President Joe Biden spent the afternoon in La Crosse, Wisconsin, touting the benefits of his American Jobs Plan.
Biden unveiled the plan in March with a $2.25 trillion price tag. Now, after months of negotiations, the plan sits at $973 billion.
While speaking at the La Crosse Municipal Transit Utility, Biden focused on the infrastructure benefits and the jobs he says it will bring.
“This deal will put American workers to work in good paying jobs, not minimum wage jobs, not $15 an hour jobs, good paying jobs, repairing our bridges and roads,” Biden said. He continued, calling this plan “a blue-collar blueprint to rebuild America.”
Ahead of Biden’s visit to Wisconsin, Senator Ron Johnson (R-WI) took to Facebook to speak out against the bill, writing, “A fiscally responsible infrastructure bill would use the $700 billion of ‘Covid relief’ spending that isn’t spent in this fiscal year and repurpose that amount for real infrastructure – not new entitlements.”
Howard Gleckman, a senior fellow at the non-partisan Tax Policy Center, said the plan looks for pay “for infrastructure with pixie dust.”

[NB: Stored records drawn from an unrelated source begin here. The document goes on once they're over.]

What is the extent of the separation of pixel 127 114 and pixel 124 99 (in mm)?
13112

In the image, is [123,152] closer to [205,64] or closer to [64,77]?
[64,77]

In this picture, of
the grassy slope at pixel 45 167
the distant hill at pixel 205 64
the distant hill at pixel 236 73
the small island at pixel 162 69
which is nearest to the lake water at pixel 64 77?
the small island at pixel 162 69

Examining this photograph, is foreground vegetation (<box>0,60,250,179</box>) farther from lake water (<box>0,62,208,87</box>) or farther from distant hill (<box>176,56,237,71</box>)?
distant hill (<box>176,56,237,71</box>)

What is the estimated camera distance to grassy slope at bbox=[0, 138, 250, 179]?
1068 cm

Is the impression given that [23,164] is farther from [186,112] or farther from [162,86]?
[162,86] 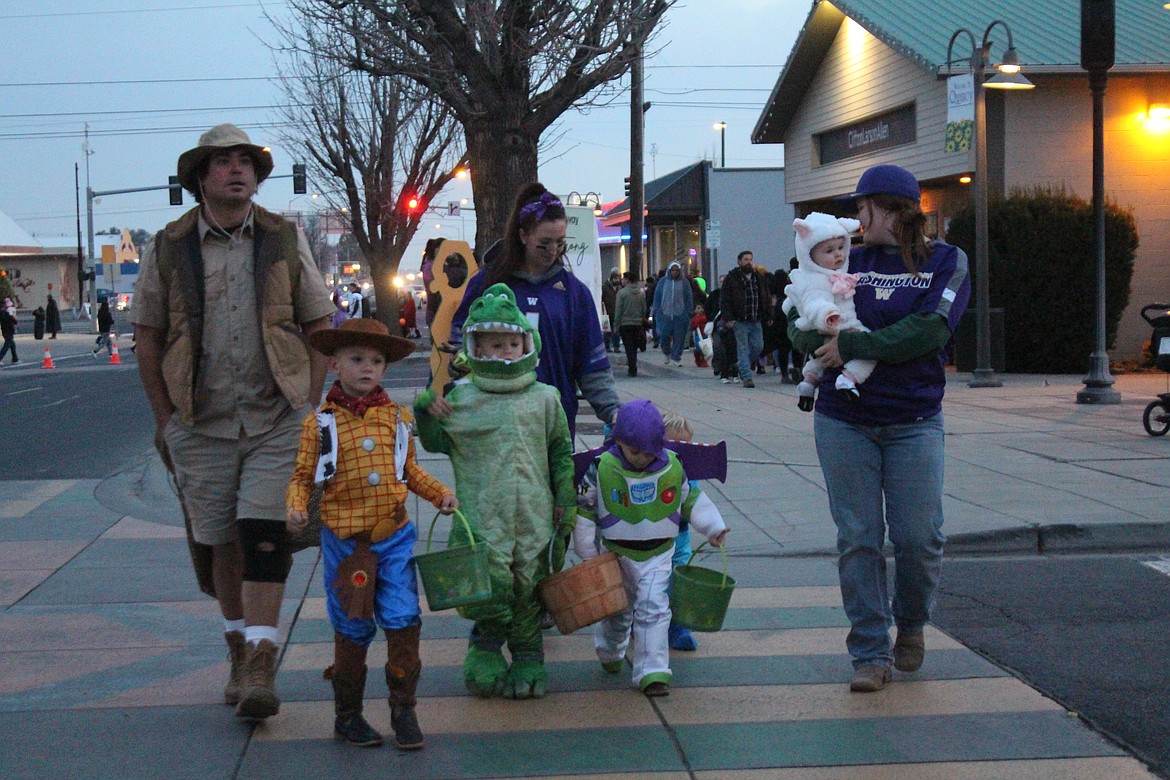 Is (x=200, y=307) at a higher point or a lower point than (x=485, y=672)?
higher

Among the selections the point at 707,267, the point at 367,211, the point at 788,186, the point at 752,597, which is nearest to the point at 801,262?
the point at 752,597

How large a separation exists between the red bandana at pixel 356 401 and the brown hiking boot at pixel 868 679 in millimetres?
2089

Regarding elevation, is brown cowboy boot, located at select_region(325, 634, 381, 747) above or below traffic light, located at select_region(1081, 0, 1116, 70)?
below

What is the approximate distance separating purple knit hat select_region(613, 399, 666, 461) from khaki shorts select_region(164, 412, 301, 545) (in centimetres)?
123

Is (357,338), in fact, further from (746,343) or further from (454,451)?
(746,343)

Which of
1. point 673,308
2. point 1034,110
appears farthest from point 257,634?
point 673,308

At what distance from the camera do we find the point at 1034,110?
20.0 meters

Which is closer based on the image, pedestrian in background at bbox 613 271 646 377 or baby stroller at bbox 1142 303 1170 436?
baby stroller at bbox 1142 303 1170 436

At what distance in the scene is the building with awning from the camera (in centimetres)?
1994

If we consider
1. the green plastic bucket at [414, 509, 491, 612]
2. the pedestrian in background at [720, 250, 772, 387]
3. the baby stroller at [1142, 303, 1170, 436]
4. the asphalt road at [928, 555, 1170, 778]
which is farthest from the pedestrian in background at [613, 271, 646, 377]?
the green plastic bucket at [414, 509, 491, 612]

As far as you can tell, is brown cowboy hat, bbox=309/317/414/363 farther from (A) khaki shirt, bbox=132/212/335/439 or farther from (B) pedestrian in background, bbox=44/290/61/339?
(B) pedestrian in background, bbox=44/290/61/339

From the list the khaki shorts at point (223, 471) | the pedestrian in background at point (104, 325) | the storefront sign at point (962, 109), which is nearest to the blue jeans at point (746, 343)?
the storefront sign at point (962, 109)

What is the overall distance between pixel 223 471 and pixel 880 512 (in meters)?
2.48

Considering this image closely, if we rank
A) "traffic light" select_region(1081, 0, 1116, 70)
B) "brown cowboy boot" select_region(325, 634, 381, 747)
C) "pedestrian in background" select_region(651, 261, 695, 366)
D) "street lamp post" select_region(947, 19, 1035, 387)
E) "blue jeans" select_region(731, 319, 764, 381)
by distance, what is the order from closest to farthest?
"brown cowboy boot" select_region(325, 634, 381, 747), "traffic light" select_region(1081, 0, 1116, 70), "street lamp post" select_region(947, 19, 1035, 387), "blue jeans" select_region(731, 319, 764, 381), "pedestrian in background" select_region(651, 261, 695, 366) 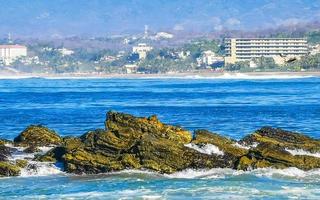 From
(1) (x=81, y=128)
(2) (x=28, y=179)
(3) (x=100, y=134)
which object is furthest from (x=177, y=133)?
(1) (x=81, y=128)

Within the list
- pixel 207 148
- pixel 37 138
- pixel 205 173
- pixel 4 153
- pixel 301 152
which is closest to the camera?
pixel 205 173

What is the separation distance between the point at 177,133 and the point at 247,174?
4.54m

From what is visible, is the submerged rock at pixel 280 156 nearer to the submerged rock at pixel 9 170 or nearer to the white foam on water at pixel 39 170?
the white foam on water at pixel 39 170

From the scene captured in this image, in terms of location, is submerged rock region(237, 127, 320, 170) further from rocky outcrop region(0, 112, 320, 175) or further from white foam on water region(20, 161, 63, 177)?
white foam on water region(20, 161, 63, 177)

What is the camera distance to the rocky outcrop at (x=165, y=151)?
3080cm

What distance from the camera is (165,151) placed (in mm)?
30828

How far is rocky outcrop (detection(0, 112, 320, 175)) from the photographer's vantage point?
30.8 m

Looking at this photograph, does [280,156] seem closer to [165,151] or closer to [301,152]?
[301,152]

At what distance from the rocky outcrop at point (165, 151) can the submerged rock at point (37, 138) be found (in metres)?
3.14

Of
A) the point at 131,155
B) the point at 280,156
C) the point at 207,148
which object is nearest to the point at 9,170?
the point at 131,155

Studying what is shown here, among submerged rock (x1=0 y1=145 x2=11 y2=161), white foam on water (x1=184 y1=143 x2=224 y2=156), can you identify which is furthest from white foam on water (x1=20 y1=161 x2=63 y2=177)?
white foam on water (x1=184 y1=143 x2=224 y2=156)

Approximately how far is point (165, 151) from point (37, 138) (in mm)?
8918

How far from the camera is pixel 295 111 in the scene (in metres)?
66.8

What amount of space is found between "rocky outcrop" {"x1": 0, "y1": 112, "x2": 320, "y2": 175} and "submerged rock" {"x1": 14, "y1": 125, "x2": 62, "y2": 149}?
3.14 metres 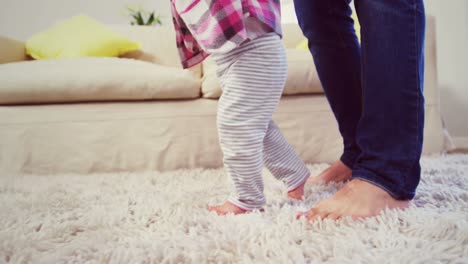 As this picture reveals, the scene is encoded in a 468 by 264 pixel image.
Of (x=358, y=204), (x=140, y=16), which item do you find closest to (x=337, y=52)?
(x=358, y=204)

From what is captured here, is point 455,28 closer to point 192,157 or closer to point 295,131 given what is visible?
point 295,131

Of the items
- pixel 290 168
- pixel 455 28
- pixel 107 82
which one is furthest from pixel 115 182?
pixel 455 28

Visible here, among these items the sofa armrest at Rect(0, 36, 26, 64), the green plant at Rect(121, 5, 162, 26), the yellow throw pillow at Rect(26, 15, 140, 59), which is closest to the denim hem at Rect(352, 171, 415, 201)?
the yellow throw pillow at Rect(26, 15, 140, 59)

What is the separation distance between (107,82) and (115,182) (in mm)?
386

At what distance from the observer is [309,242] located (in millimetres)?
483

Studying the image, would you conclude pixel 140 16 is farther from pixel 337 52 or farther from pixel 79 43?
pixel 337 52

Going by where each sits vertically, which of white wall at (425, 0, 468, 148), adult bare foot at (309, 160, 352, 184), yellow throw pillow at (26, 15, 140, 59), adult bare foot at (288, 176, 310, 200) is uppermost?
yellow throw pillow at (26, 15, 140, 59)

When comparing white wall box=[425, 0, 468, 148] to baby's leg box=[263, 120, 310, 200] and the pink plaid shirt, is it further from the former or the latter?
the pink plaid shirt

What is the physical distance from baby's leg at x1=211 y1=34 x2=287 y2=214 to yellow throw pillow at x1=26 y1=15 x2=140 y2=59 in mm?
1173

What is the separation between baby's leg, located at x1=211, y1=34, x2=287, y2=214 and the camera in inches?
25.6

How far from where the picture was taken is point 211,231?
538 millimetres

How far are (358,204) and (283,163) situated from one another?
23 centimetres

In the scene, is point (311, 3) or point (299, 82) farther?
point (299, 82)

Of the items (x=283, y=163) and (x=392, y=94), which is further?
(x=283, y=163) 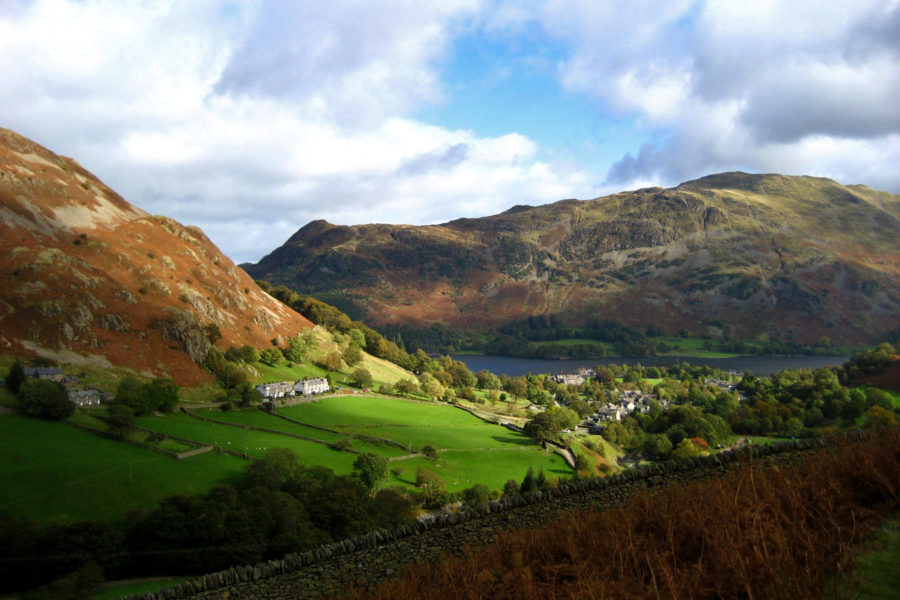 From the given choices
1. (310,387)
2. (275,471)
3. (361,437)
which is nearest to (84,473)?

“If Congress wants to pay for a $1 trillion spending plan without raising the deficit, the only real ways to finance it are by raising taxes, cutting other spending, or both,” he said. “This agreement does very little of either. And while the White House fact sheet describing the agreement includes no revenue estimates with its brief descriptions of the pay-fors, they are certain to generate far less than the plan costs.”